Rose con le spine – Continua a vincere Chicago, che nella notte piega anche i Toronto Raptors col punteggio di 100 a 93, ma la notizia vera è l’ennesimo stop di Derrick Rose. Per l’ex MVP, autore di 20 punti all’Air Canada Centre, si sospetta una contrattura muscolare che non dovrebbe però fermarlo a lungo.  Trascinati da un super Gasol (27+11) i Tori domano anche i Raptors, a cui non bastano i 20 punti di Kyle Lowry. Decisivo per le sorti del match il terzo quarto, nel quale Chicago si impone con 21 punti di vantaggio, e da li amministra fino alla fine.
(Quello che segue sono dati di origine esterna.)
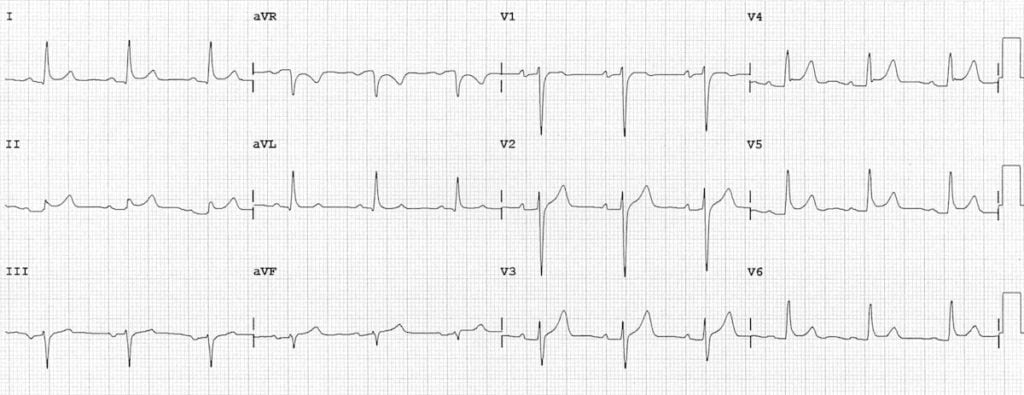 12-lead ECG showing diffuse ST elevation and PR depression in acute pericarditis
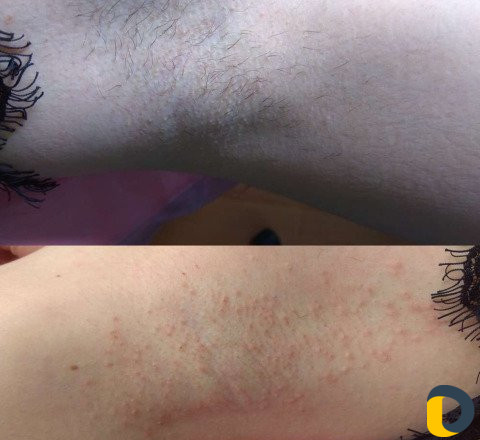 Электроэпиляция/Воск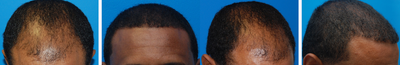 Hair Transplant Before & After - 46 Year-Old Male, 2600 Grafts, 20 Months Post Op - 
	46 year-old male with a 20 year history of male pattern baldness. We were able to harvest 2600 grafts and because his hair was so curly, we cut the dissected grafts to size and reserved the ultra fine FUs for the frontal hairline. The results are shown for 20 months post operatively.
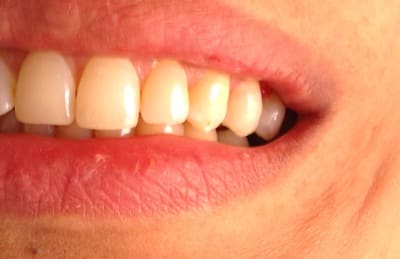 Img 0441 kuncu9 - Eugenol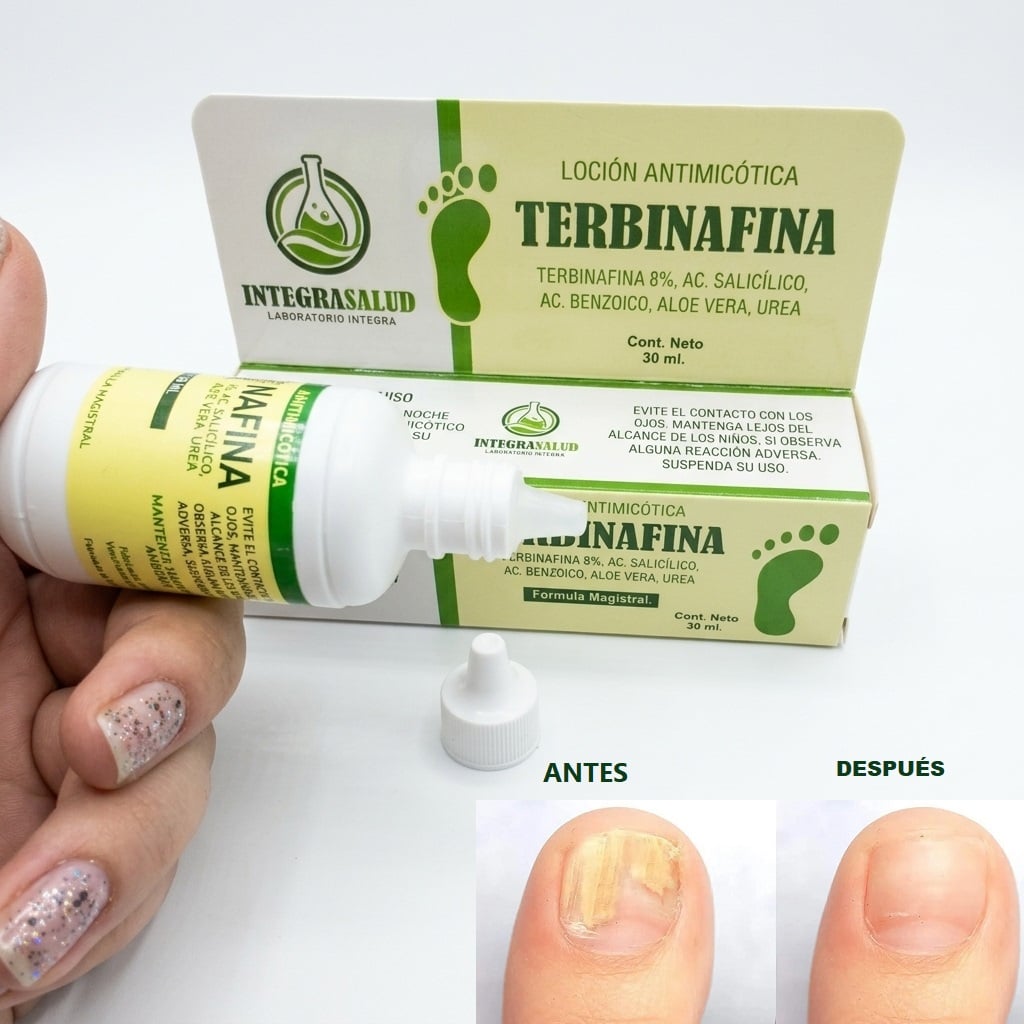 2 TERBINAFINA S 8% EN GOTAS PARA TRATAMIENTO  DE HONGOS EN LAS UÑAS Y PIES - 1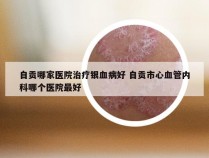 自贡哪家医院治疗银血病好 自贡市心血管内科哪个医院最好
Guerrieri vincenti – Vincono ancora anche i Golden State Warriors di coach Steve Kerr, indimenticato protagonista di tre anelli con i Chicago Bulls del secondo Threepeat. A farne le spese i Brooklyn Nets di coach Lionel Hollins. Gara vivace e mai noiosa, ma sempre saldamente nelle mani dei padroni di casa, che indirizzano la partita a loro favore durante il secondo quarto. Ancora una volta è Klay Thompson il Man of the Match, con 25 punti e 4 rimbalzi. Buona anche la prova di Raymond Green, in versione factotum, che sforna 17 punti 8 rimbalzi e 7 assist. Per i Nets quarta sconfitta in stagione e la spiacevole sensazione che il treno giusto sia passato. Jarrett Jack ne fa 23 dalla panchina e Deron Williams 18 con 5 assist. Ma se Kevin Garnett fa registrare 4 punti e altrettanti rimbalzi, prestazione ormai non più rara per l’ex Celtic, allora il futuro in quel di Brooklyn è decisamente poco colorato. E Golden State passa 107 a 99.

Lee super hero – Festeggiano ancora i Memphis Grizzlies, che dopo essere stati sotto di 26 recuperano lo svantaggio e si impongono 101 a 100 sui Sacramento Kings. Sugli scudi Mike Conley, uno dei playmaker più sottovalutati della Lega, autore di una prestazione da 22 punti e 11 passaggi smarcanti. L’eroe del FedEx Forum però è Courtney Lee che col punteggio fermo sul 99 a 100 a tre decimi dalla sirena riceve palla da Vince Carter e insacca il layup della vittoria completando una rimonta incredibile. Per i Kings tanta amarezza per la vittoria sfumata sul fil di sirena, e la solita partita concreta di Cousins, in evidenza con 22 punti 12 rimbalzi, e Gay, autore di 25 punti con giocate di pura classe.